Retype word for word the lines of the data below, from the first to the one bearing "mockup kaos bundle cdr editable vector", with that one included.
━━━━━ Data to examine
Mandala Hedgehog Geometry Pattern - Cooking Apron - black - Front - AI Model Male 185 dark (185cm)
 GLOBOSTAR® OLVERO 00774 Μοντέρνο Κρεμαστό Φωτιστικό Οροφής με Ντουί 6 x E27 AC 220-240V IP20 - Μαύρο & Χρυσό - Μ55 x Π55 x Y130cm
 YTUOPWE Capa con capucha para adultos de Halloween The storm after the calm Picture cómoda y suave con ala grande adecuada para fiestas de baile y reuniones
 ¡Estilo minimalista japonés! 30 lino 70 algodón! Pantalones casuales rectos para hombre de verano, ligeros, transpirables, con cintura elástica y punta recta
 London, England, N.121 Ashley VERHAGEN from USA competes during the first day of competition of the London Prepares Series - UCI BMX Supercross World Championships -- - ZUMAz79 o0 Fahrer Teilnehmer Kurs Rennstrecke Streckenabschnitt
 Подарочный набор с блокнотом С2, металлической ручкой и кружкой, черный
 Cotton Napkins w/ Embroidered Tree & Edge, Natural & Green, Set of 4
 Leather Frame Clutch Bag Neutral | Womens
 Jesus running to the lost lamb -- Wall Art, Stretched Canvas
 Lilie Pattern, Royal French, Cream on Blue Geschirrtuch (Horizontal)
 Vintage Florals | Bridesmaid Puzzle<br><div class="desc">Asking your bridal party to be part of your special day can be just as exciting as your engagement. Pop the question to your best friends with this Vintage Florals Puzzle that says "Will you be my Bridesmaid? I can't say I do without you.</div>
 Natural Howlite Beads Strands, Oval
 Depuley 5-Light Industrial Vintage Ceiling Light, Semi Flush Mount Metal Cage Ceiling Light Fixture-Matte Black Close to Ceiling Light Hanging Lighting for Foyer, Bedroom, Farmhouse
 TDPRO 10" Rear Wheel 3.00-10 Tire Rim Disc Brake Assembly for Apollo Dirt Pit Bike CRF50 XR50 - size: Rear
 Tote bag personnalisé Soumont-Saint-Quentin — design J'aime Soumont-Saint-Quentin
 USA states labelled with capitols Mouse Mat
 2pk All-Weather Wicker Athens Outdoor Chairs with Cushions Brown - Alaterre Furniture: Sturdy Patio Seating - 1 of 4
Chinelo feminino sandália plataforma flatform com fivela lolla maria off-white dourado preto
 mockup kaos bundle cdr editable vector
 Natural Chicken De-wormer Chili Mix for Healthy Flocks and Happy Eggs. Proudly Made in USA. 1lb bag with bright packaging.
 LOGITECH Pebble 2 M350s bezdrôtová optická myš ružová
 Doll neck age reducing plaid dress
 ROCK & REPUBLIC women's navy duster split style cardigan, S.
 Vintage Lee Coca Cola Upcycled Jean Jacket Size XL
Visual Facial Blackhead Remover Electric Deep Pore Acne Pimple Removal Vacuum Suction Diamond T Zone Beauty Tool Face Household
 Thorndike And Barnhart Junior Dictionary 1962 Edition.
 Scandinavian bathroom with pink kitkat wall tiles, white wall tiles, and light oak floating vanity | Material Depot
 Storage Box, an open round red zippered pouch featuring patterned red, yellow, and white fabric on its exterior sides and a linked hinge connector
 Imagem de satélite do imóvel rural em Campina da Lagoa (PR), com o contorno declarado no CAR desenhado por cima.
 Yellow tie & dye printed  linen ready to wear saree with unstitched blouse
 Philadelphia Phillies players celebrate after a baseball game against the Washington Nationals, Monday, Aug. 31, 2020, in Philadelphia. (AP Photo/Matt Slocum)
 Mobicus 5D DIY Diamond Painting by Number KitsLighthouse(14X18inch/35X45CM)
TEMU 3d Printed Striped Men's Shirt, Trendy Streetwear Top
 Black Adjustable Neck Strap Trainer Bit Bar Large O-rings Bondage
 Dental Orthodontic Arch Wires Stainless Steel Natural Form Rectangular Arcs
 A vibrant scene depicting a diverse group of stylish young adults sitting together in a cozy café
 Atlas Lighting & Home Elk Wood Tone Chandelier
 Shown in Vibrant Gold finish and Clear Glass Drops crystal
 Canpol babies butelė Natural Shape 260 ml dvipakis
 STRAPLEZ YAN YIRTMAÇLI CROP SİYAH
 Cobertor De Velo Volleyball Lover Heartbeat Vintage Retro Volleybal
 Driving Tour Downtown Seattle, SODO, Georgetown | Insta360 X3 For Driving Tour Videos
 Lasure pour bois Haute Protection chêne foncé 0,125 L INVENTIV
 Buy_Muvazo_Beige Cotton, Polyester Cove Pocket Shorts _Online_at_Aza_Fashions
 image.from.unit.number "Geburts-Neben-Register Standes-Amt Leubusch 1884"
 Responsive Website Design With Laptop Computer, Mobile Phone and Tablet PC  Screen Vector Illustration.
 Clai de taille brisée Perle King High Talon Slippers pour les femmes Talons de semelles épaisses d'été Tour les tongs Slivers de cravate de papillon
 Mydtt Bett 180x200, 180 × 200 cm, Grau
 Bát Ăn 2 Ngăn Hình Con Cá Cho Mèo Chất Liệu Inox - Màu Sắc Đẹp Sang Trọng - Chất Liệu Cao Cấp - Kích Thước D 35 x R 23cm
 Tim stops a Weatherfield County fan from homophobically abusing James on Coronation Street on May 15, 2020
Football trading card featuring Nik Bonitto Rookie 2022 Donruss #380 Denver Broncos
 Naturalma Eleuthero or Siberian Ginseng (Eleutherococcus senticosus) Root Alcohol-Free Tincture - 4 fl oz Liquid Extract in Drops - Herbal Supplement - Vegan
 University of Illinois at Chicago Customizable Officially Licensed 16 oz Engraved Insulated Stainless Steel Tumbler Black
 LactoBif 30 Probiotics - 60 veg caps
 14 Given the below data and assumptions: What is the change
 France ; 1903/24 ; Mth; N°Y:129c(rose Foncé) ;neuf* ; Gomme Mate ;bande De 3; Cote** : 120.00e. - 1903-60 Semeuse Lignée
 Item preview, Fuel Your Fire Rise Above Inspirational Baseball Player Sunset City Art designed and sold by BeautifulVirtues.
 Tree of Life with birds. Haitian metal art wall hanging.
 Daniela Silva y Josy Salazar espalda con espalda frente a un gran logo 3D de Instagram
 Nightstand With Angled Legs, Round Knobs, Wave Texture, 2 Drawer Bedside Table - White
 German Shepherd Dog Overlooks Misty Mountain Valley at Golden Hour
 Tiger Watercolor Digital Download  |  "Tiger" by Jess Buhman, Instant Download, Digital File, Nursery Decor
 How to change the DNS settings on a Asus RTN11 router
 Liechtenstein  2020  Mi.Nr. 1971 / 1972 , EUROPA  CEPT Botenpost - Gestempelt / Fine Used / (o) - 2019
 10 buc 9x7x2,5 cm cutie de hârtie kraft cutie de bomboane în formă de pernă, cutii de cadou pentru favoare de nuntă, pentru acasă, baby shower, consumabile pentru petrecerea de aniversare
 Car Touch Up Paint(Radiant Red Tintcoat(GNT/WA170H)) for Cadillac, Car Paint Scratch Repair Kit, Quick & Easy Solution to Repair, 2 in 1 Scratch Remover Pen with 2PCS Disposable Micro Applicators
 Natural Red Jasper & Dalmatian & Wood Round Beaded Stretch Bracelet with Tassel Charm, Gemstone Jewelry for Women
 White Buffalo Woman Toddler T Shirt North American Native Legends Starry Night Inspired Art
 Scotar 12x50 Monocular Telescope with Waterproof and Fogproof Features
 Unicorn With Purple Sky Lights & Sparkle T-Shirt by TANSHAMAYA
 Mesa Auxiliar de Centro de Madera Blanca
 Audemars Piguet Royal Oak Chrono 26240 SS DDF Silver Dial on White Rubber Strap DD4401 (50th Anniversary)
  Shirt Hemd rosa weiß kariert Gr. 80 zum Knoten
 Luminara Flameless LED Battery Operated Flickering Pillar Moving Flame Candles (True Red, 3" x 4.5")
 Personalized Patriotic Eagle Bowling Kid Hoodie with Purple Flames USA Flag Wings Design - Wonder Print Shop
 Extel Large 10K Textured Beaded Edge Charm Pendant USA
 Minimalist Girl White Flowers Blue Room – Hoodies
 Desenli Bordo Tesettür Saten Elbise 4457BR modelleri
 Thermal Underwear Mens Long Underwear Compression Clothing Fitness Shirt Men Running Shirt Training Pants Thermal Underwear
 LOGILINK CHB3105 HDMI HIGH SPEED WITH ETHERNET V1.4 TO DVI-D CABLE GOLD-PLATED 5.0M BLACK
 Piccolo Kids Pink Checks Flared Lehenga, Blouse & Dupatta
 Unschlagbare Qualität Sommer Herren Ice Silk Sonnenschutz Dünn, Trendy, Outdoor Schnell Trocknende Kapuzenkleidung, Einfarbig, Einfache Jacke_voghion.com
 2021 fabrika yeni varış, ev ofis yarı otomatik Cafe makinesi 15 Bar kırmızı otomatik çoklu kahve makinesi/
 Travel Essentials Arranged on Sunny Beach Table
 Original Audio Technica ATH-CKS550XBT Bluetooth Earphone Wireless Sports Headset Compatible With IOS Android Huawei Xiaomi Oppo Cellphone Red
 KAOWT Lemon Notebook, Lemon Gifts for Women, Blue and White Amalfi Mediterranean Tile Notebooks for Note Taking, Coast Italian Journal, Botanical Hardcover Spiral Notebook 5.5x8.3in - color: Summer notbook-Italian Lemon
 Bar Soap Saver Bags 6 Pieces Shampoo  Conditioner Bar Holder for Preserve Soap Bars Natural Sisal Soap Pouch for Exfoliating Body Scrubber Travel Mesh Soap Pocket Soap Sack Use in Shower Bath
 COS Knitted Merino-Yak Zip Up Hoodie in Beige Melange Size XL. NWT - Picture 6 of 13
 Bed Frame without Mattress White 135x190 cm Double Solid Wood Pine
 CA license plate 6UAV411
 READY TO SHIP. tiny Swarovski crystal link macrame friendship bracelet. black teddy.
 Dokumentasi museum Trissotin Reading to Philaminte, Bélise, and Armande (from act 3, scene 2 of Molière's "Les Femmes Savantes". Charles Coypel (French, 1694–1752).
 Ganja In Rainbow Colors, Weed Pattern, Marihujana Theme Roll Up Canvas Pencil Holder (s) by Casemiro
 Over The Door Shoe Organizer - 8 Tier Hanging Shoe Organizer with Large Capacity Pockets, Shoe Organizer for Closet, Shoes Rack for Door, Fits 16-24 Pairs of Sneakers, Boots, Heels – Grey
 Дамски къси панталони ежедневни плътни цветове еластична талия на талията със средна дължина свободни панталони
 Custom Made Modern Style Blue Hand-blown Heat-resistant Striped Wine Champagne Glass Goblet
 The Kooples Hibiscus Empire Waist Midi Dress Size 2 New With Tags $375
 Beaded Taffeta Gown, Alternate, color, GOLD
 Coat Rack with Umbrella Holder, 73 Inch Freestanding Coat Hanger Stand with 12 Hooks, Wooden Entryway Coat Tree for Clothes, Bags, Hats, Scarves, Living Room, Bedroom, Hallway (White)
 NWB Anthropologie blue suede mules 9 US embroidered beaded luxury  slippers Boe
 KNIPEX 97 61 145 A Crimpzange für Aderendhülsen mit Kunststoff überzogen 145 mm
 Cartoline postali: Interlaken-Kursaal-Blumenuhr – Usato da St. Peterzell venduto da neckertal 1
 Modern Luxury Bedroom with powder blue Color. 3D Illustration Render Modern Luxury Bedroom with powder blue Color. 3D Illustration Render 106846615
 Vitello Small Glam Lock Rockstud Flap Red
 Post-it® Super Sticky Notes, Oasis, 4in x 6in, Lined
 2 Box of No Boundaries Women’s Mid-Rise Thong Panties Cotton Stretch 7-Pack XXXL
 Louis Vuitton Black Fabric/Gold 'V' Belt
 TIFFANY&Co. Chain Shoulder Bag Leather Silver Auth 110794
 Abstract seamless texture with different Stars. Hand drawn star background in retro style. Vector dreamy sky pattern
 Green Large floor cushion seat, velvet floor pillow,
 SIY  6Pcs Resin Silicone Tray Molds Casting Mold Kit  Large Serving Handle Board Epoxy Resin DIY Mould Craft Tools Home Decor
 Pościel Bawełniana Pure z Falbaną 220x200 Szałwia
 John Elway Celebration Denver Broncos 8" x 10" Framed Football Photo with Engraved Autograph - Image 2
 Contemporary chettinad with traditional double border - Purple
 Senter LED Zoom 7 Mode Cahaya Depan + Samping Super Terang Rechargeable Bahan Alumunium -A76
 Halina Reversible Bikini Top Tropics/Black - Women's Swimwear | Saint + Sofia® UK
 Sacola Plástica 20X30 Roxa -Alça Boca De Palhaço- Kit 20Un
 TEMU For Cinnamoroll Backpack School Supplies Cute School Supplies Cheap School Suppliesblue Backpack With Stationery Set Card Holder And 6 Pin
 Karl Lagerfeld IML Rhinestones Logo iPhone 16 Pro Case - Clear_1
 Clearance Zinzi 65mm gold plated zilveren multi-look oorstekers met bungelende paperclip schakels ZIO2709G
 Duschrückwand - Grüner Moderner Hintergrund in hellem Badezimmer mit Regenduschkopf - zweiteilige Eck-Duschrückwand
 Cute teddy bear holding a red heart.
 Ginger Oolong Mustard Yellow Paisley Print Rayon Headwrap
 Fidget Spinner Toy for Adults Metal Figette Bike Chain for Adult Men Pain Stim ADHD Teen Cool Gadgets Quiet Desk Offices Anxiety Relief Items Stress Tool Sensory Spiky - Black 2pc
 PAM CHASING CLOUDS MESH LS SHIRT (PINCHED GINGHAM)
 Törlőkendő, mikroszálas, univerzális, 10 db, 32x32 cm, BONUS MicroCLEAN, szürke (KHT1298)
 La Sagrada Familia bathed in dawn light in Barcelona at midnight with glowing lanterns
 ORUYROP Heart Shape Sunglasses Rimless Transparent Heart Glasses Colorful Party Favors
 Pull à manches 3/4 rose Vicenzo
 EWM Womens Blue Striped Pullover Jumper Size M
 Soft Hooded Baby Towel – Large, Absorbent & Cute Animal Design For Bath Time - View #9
━━━━━━━━━━
• _Result for this exercise_:
Mandala Hedgehog Geometry Pattern - Cooking Apron - black - Front - AI Model Male 185 dark (185cm)
 GLOBOSTAR® OLVERO 00774 Μοντέρνο Κρεμαστό Φωτιστικό Οροφής με Ντουί 6 x E27 AC 220-240V IP20 - Μαύρο & Χρυσό - Μ55 x Π55 x Y130cm
 YTUOPWE Capa con capucha para adultos de Halloween The storm after the calm Picture cómoda y suave con ala grande adecuada para fiestas de baile y reuniones
 ¡Estilo minimalista japonés! 30 lino 70 algodón! Pantalones casuales rectos para hombre de verano, ligeros, transpirables, con cintura elástica y punta recta
 London, England, N.121 Ashley VERHAGEN from USA competes during the first day of competition of the London Prepares Series - UCI BMX Supercross World Championships -- - ZUMAz79 o0 Fahrer Teilnehmer Kurs Rennstrecke Streckenabschnitt
 Подарочный набор с блокнотом С2, металлической ручкой и кружкой, черный
 Cotton Napkins w/ Embroidered Tree & Edge, Natural & Green, Set of 4
 Leather Frame Clutch Bag Neutral | Womens
 Jesus running to the lost lamb -- Wall Art, Stretched Canvas
 Lilie Pattern, Royal French, Cream on Blue Geschirrtuch (Horizontal)
 Vintage Florals | Bridesmaid Puzzle<br><div class="desc">Asking your bridal party to be part of your special day can be just as exciting as your engagement. Pop the question to your best friends with this Vintage Florals Puzzle that says "Will you be my Bridesmaid? I can't say I do without you.</div>
 Natural Howlite Beads Strands, Oval
 Depuley 5-Light Industrial Vintage Ceiling Light, Semi Flush Mount Metal Cage Ceiling Light Fixture-Matte Black Close to Ceiling Light Hanging Lighting for Foyer, Bedroom, Farmhouse
 TDPRO 10" Rear Wheel 3.00-10 Tire Rim Disc Brake Assembly for Apollo Dirt Pit Bike CRF50 XR50 - size: Rear
 Tote bag personnalisé Soumont-Saint-Quentin — design J'aime Soumont-Saint-Quentin
 USA states labelled with capitols Mouse Mat
 2pk All-Weather Wicker Athens Outdoor Chairs with Cushions Brown - Alaterre Furniture: Sturdy Patio Seating - 1 of 4
Chinelo feminino sandália plataforma flatform com fivela lolla maria off-white dourado preto
 mockup kaos bundle cdr editable vector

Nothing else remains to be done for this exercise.